Ce fut la réponse que le duc Étienne avoit donnée à son frère. De quoi le duc Frédéric se contentoit assez ; et avoit escript aucques sur celle forme aux oncles du roi, à son oncle le duc Aubert et à madame de Brabant, auquel il en avoit parlé à son retour ; et cuidoit bien que on eût mis toutes ces choses en non chaloir. Et aussi on parloit du mariage du roi ailleurs ; et se fût assez tôt le roi accordé à la fille du duc de Lorraine ; car elle étoit moult belle damoiselle et de son âge ou assez près, et de grande et noble génération, de ceux de Blois. Et aussi parlé fut de la fille du duc de Lancastre[2], qui puis fut roine de Portingal ; mais on n’y pouvoit trouver nul bon moyen, pour leur guerre ; si convint la chose demeurer.

Or remit sus la duchesse de Brabant le mariage de Bavière, quand elle fut à Cambray aux mariages dessus dits de Bourgogne et de Hainaut, et le roi de France et ses deux oncles y furent, le duc de Bourgogne et le duc de Bourbon ; et dit bien que c’étoit le plus profitable et le plus honorable, pour la cause des alliances qui en pouvoient descendre et venir des Allemands, que elle sçût à présent pour le roi. « Voire, dame, répondirent les oncles du roi, mais nous n’en oyons nulles nouvelles. » — « Or vous taisiez, dit la duchesse, je le ferai traire avant, et en orrez nouvelles en cel été sans nulle faute. » Les promesses de la duchesse furent avérées ; car elle fit tant que le duc Frédéric son oncle s’accorda à son frère le duc Étienne de la amener, si comme vous orrez en suivant ; et sur leur chemin disoient que ils alloient en pèlerinage à Saint-Jean d’Amiens. Toutes gens le supposoient ainsi ; car Allemands vont volontiers en pélerinage, et l’ont eu et le tiennent d’usage.

Quand le duc Frédéric et sa nièce, damoiselle Isabel de Bavière, orent été trois jours à Bruxelles de-lez la duchesse, ils s’en partirent et prindrent congé.

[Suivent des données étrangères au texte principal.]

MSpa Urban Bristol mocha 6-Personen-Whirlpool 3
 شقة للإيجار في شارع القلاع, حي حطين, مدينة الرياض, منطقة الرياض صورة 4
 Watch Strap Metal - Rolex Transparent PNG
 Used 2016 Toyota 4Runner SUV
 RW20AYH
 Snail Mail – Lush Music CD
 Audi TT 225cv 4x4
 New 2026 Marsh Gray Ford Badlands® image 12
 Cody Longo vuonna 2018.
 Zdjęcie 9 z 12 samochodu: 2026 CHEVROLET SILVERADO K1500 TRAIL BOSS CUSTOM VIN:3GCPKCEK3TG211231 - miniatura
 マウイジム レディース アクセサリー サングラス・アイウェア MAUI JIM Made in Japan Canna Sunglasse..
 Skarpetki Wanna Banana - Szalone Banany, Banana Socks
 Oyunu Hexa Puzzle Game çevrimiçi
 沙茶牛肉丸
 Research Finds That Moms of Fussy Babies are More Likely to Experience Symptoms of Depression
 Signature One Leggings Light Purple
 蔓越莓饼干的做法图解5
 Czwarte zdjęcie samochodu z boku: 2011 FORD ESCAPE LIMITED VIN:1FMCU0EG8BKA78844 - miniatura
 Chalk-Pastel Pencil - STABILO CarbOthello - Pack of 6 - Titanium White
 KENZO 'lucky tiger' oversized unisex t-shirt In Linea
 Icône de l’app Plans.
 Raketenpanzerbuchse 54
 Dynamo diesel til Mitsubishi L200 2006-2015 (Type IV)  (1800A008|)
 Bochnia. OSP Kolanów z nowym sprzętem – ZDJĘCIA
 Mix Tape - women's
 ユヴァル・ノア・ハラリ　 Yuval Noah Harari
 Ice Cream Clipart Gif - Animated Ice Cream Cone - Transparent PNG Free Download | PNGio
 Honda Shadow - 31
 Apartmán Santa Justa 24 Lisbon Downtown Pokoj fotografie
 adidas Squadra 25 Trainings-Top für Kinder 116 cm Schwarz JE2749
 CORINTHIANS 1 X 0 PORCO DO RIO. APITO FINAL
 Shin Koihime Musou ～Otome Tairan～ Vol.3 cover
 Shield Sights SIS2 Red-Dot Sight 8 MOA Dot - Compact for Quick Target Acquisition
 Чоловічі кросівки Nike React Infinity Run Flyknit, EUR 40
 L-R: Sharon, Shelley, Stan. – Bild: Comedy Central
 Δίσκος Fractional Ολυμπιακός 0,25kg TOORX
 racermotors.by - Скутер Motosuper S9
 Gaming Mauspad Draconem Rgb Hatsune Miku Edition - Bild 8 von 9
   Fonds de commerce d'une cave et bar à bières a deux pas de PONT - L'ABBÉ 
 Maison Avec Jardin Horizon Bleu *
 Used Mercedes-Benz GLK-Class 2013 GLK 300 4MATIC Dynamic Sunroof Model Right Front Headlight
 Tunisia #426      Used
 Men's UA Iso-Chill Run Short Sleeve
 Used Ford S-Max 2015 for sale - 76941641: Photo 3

Mais ce fut bien l’intention de la duchesse, et leur promit à leur département, que elle seroit aussitôt à Amiens comme eux, ou devant ; et que elle y vouloit aussi aller en pélerinage. Sur cel état faisoit-elle ordonner ses besognes. Or vinrent le duc Frédéric et sa niepce en Hainaut, et droitement au Quesnoy, où ils trouvèrent le duc et la duchesse, et Guillaume de Hainaut qui se nommoit et escripsoit comte d’Ostrevant, et madame sa femme, fille au duc de Bourgogne, lesquels et lesquelles reçurent liement et doucement le duc Frédéric de Bavière ; car le duc Aubert en étoit oncle, et leur nièce aussi. « Et comment en avez-vous finé de l’amener, demandèrent le duc Aubert et sa femme ; car bien savoient que leur frère le duc Étienne, pour les incidences dessus dites, y avoit jà été grandement rebelle ? » — « Je vous

  1. Il veut faire allusion à la cérémonie de la visite mentionnée plus haut.
  2. Suivant le moine de Saint-Denis, on hésita entre Isabelle de Bavière, une fille d’Autriche et la fille de Jean, duc de Lorraine ; mais on se décida à s’en remettre à l’inclination du roi. Un peintre habile fut envoyé sur les lieux pour faire le portrait des trois princesses, et Isabelle ayant paru la plus belle au roi, on se décida à la demander à son père.